*** Begin section ***

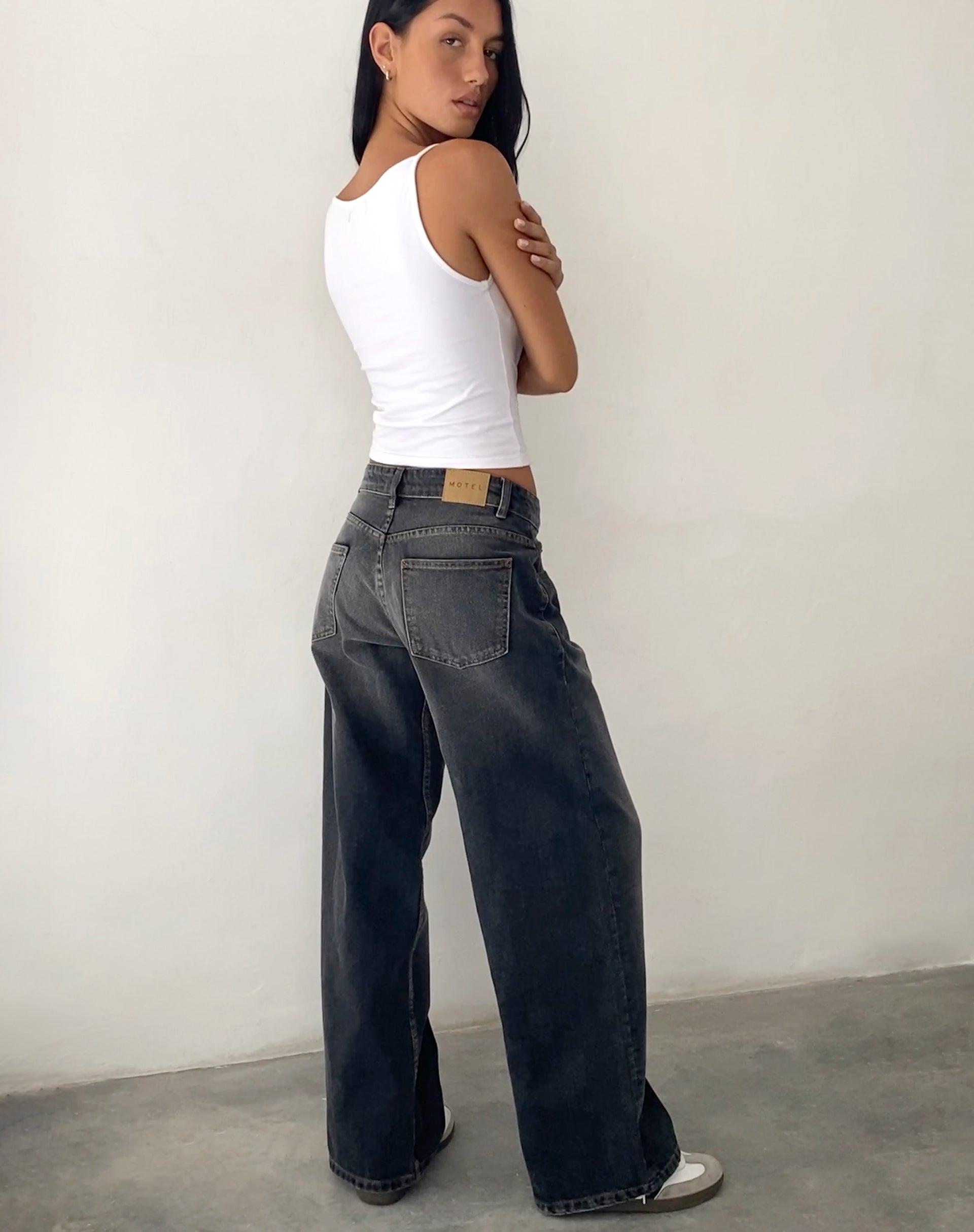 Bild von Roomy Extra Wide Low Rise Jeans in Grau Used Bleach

*** End section ***
*** Begin section ***

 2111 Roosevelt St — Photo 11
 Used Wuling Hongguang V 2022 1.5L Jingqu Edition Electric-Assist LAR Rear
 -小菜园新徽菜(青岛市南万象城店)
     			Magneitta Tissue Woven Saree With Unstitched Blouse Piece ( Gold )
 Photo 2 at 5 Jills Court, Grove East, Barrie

*** End section ***

Copy, exactly and only, the lines above that begin with the one containing "-小菜园新徽菜(青岛市南万象城店)" and finish with the one containing "Photo 2 at 5 Jills Court, Grove East, Barrie".

**WRITTEN RESPONSE**
 -小菜园新徽菜(青岛市南万象城店)
     			Magneitta Tissue Woven Saree With Unstitched Blouse Piece ( Gold )
 Photo 2 at 5 Jills Court, Grove East, Barrie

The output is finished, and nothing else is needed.